Caltech Physicist to Deliver Public Lecture on Quantum Computing
The University of Kentucky will host a public talk on campus next week by John Preskill, the Feynman Professor of Theoretical Physics and director of the Institute of Quantum Information and Matter at the California Institute of Technology (Caltech).
The talk, “Quantum Computing and the Entanglement Frontier,” will take place 4:15 p.m. Friday, April 6, in the Don & Cathy Jacobs Science Building auditorium.
The talk is jointly sponsored by the UK Department of Physics and Astronomy, the UK Department of Computer Science and the UK Graduate School.
In his talk, Preskill will discuss quantum entanglement, the elusive feature that makes quantum information fundamentally different from information in the macroscopic world. Preskill describes himself as “less weird than a quantum computer, and easier to understand.”
“The quantum laws governing atoms and other tiny objects seem to defy common sense, and information encoded in quantum systems has weird properties that baffle our feeble human minds,” he said. “By exploiting quantum entanglement, quantum computers should be able to solve otherwise intractable problems, with far-reaching applications to cryptology, materials and fundamental physical science.”
“Preskill is an extraordinarily clear and insightful speaker,” said Al Shapere, chair of UK’s physics and astronomy department. “His talk will be a wonderful opportunity for the community to learn about quantum computing, an emerging technology that will lead to radical improvements in the power and capabilities of computers.”
The event is open to the UK community and public. School children interested in science are encouraged to attend.

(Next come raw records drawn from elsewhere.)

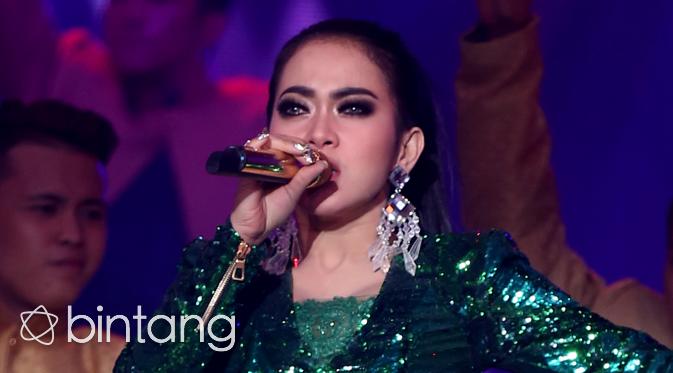 Foto Syahrini Konser Ultah Indosiar (Andy Masela/bintang.com)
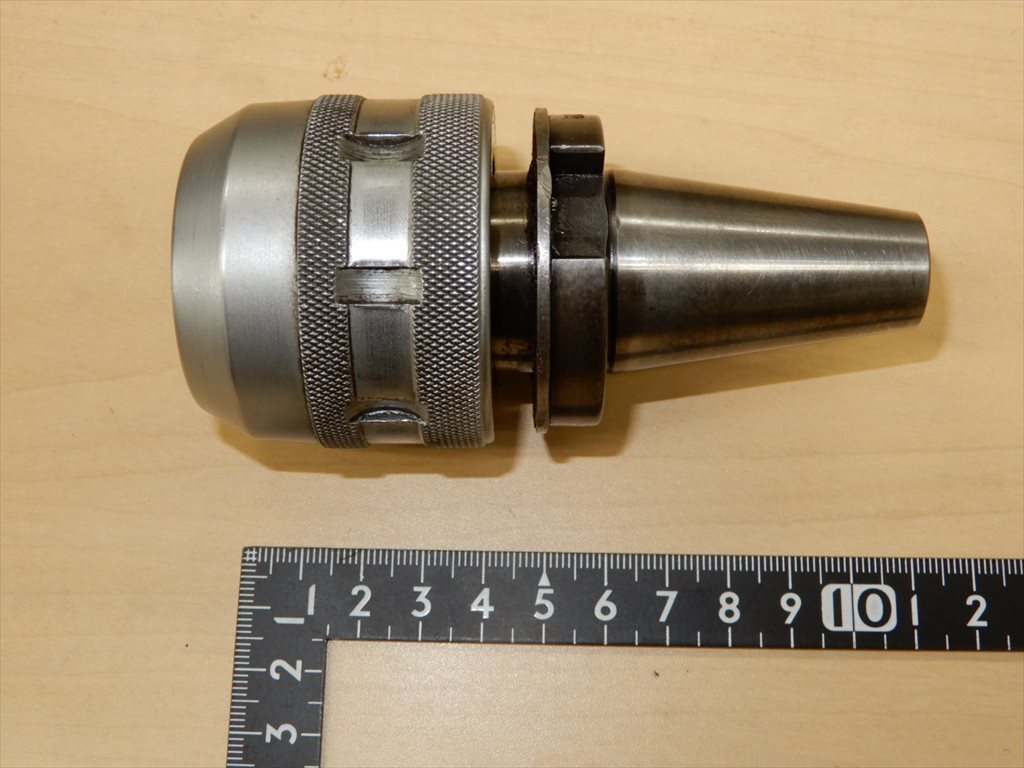 日研工作 NT30 ミーリングチャック MCA30F-22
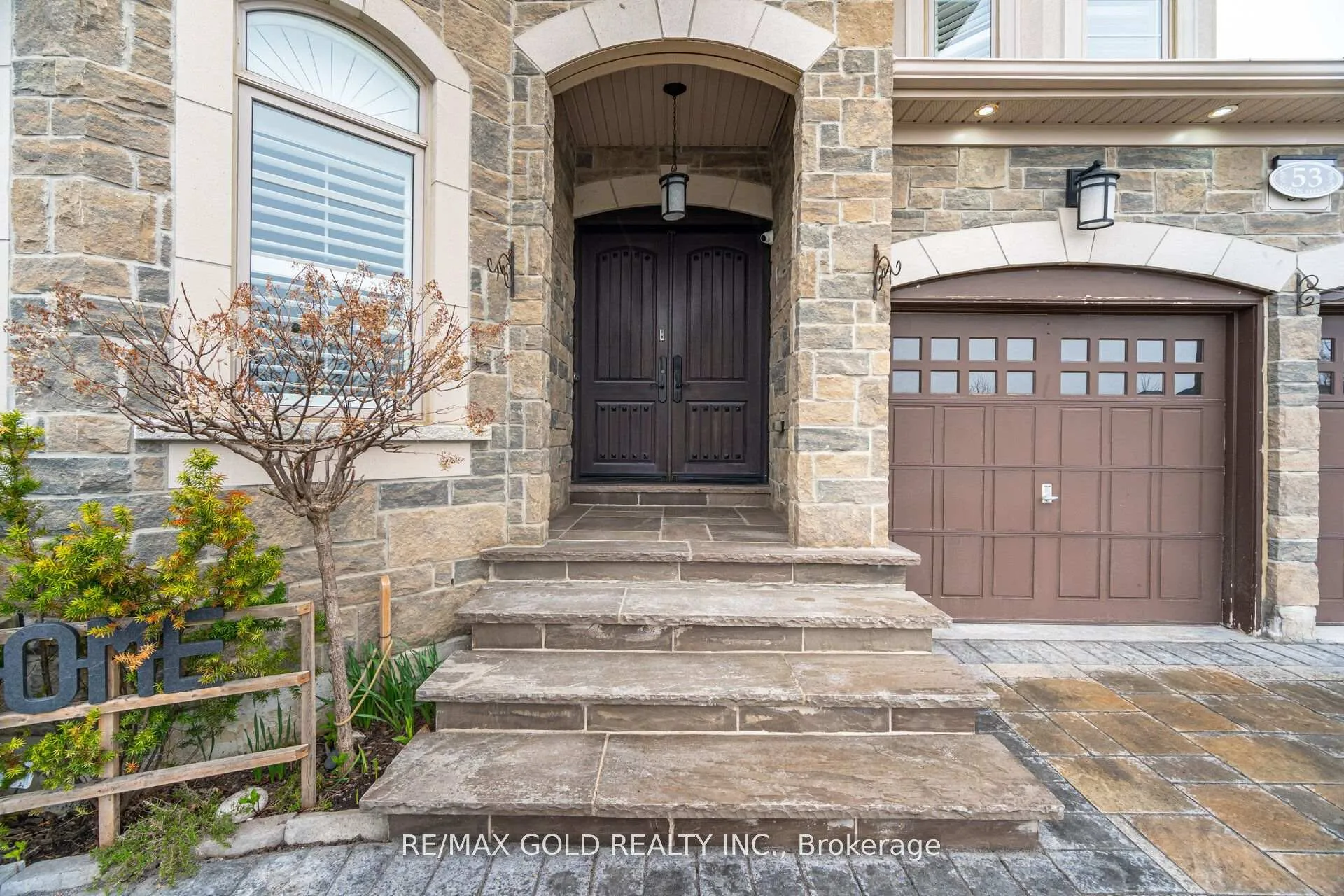 Photo 41 of 53 Martin Byrne Drive, Brampton, Toronto Gore Rural Estate — HOMEH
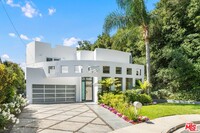 12180 Greenock Ln in Los Angeles, CA - Foto de edificio - Building Photo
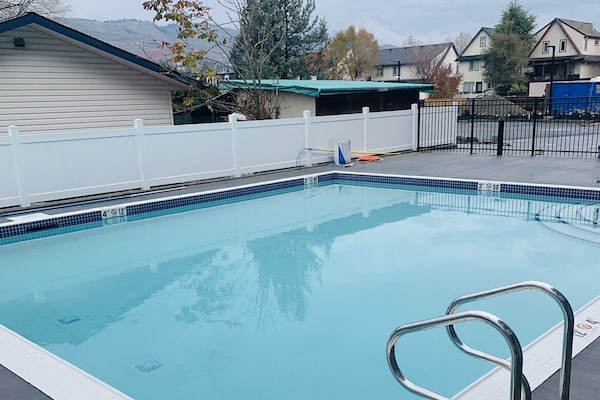 Alberca al aire libre y alberca climatizada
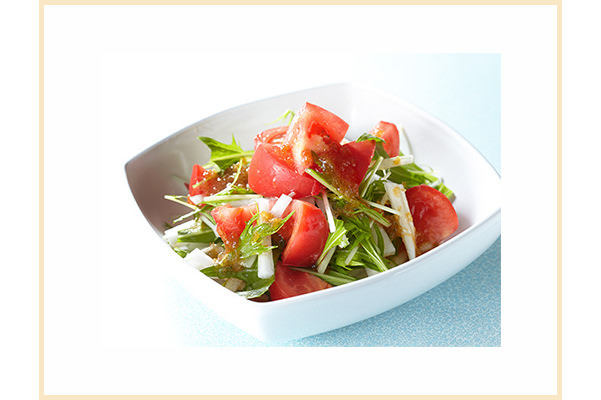 【肩こり対策レシピ】水菜とトマトのサラダ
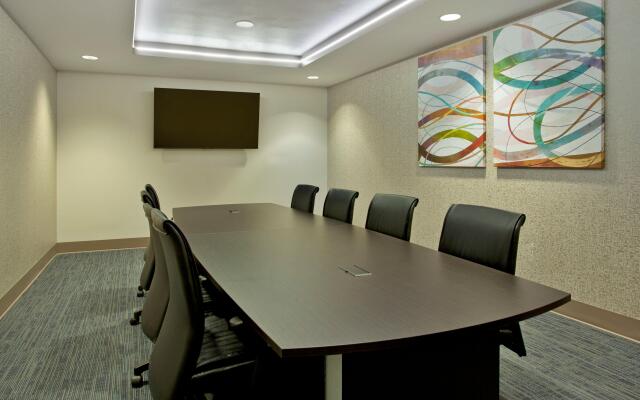 Holiday Inn Express & Suites Austin Downtown - University by IHG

A reception will follow the talk.
John Preskill received his doctoral degree in physics in 1980 from Harvard University, and joined the Caltech faculty in 1983. He began his career in particle physics and cosmology, but in the 1990s he got excited about the possibility of solving otherwise intractable problems by exploiting quantum physics; he is especially intrigued by the ways our deepening understanding of quantum information and quantum computing can be applied to other fundamental issues in physics, such as the quantum structure of space and time.